Industrial reserve bill falls short in committee
SALEM — A bill that would create large-lot industrial areas outside urban growth boundaries in three Oregon counties has failed to pass a key committee.
The Oregon Farm Bureau and conservation groups opposed Senate Bill 716, which would have allowed Clackamas, Washington and Columbia counties to designate industrial reserves of up to 500 acres outside an established UGB.
Proponents of the bill claimed that large blocks of industrial land are currently rare in the Portland metropolitan area and would attract new companies and jobs to the region if made available.

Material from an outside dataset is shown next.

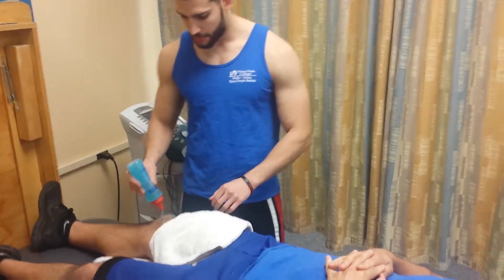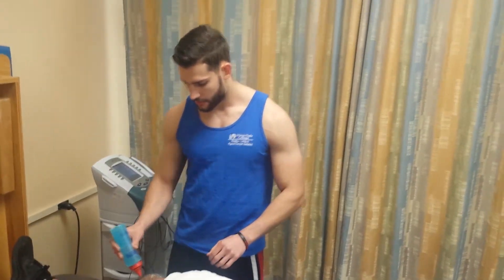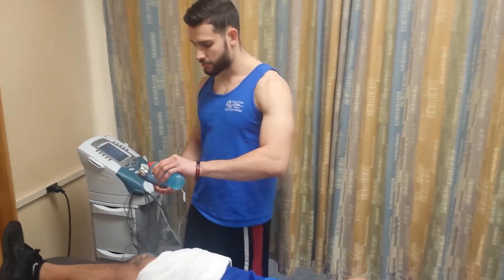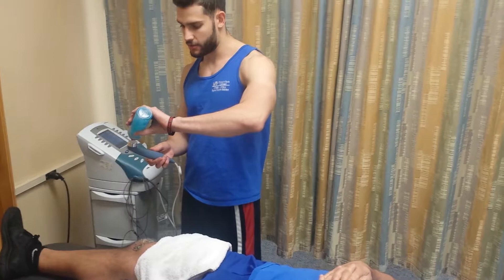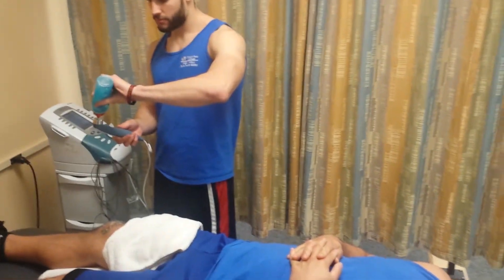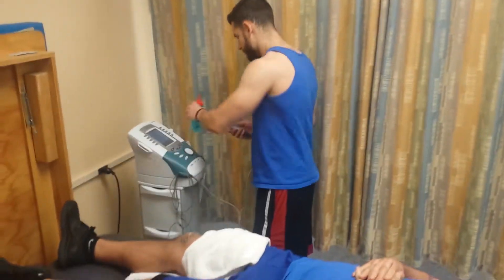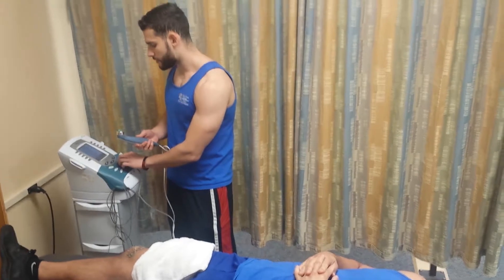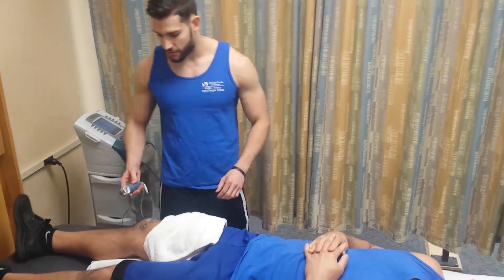We'll put some of the gel on his knee, and a little bit of gel on the ultrasound pad as well. Then we bring up the intensity to about 1.5, which should do the trick.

Under SB 716, newly created industrial zones would be offset by reducing “urban reserves” in other areas — which supporters said would result in no net farmland loss — but opponents argued that the program would disrupt the existing land use system.
Large-lot industrial reserves would likely be designated on farmland, interfering with agriculture and undermining a “grand bargain” agreement that Oregon lawmakers struck in 2013 to settle a far-reaching lawsuit over urban and rural reserves, according to opponents of the bill.

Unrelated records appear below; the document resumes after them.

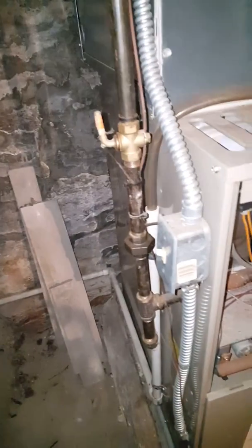PVC drain is here, so we'll tie back into the PVC drain. Gas and electric are here.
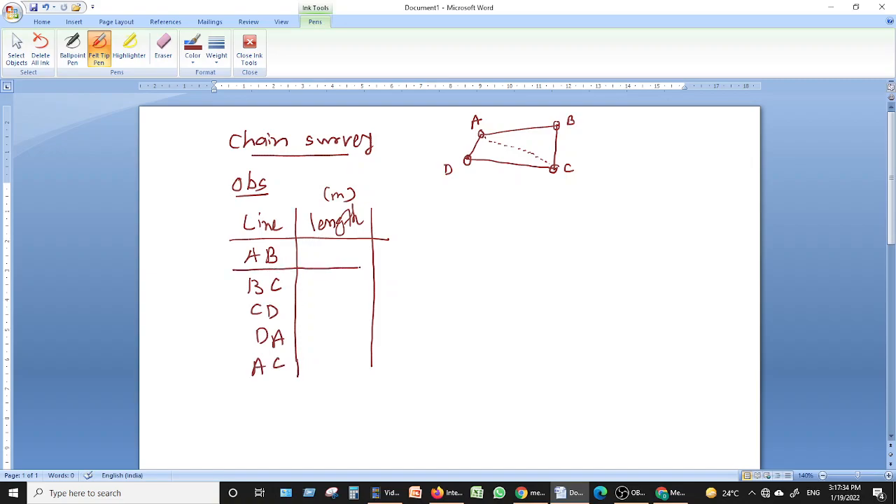According to your survey, you get the lengths of these five lines. Suppose the length of line AB is 42 meters, line BC is 37 meters, line CD is 45 meters, line DA is 35 meters, and the diagonal line AC is 57 meters.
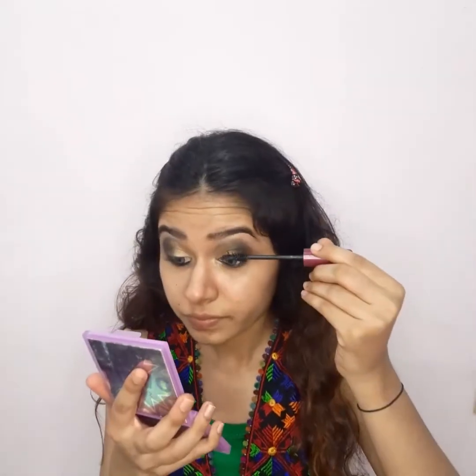After using mascara to emulsify our lashes, you can see that the eyes look better. You can see that the eyes are much more defined. I will now show you the final eye look.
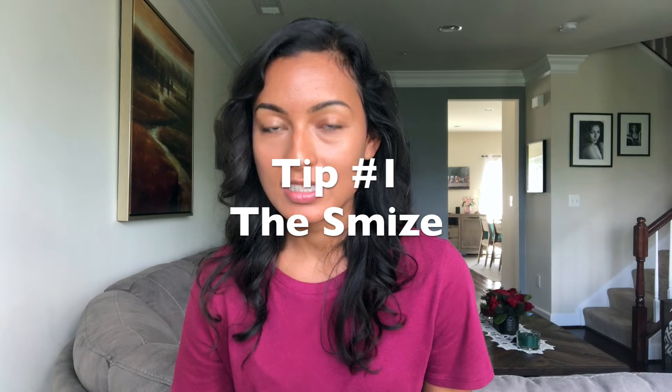Hey guys, welcome back to another video! Today I'm gonna be sharing five tips on how to pose better with your face. If you guys follow me on Instagram, you might already know three tips I shared the other day, so today I'm adding two more. If you want to know what to do with your face when you're in front of the camera, make sure you keep watching. Tip number one is gonna be the Smize.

Opponents also feared that the bill was intended to spur development in the “French Prairie” area south of Wilsonville, Ore., which has been designated as a rural reserve due to transportation and water constraints. They instead urged lawmakers to invest in “infrastructure” to spur development in existing industrial zones.

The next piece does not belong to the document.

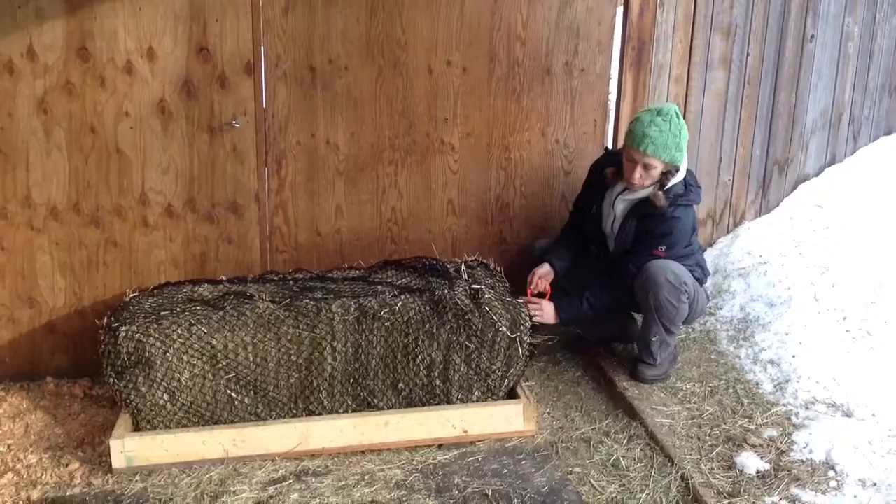This box is not proper for shod horses. This is for barefoot horses or other animals like sheep, goats, llamas, or alpacas. Thank you.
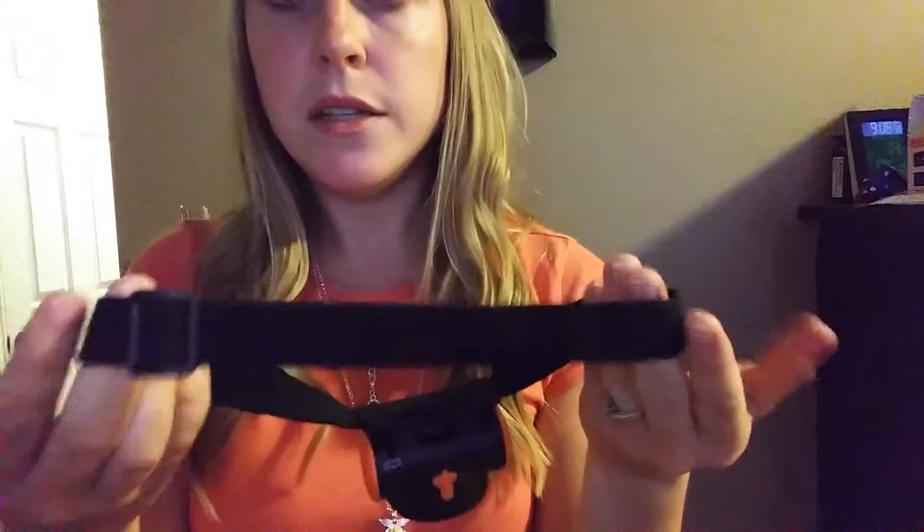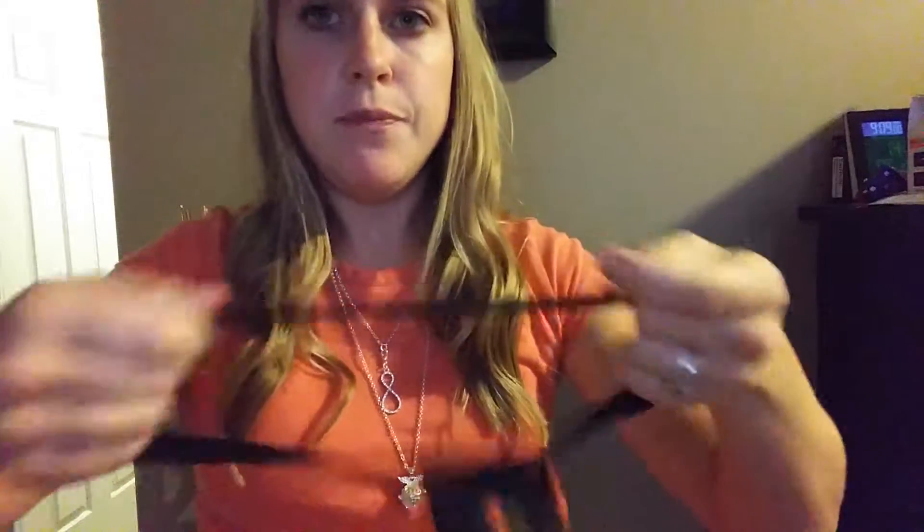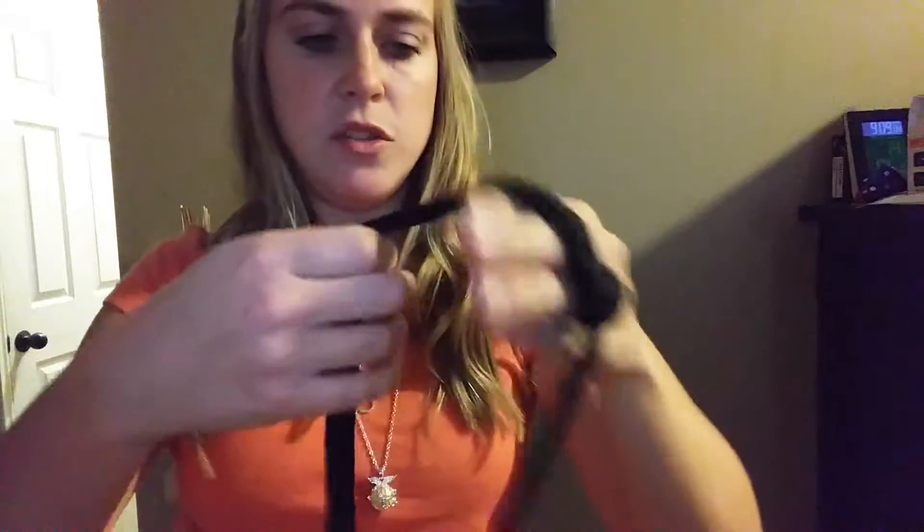Now let me show you some of its functions. First, let me give you a look at the band — it's just really stretchy elastic that you can tighten and loosen as you need to. It does tighten down very small so it will fit comfortably on my children's small heads.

Members of the Senate Committee on Environment and Natural Resources voted 3-2 against moving the bill to the Senate floor with a “do pass” recommendation during a work session on April 20.
Committee chair Chris Edwards, D-Eugene, said he voted in favor of the bill because there’s a shortage of large lots in the Portland metropolitan area within industrial zones.
The bill would stimulate needed economic activity, he said. “Sometimes you’ve got to go against the grain to make some changes.”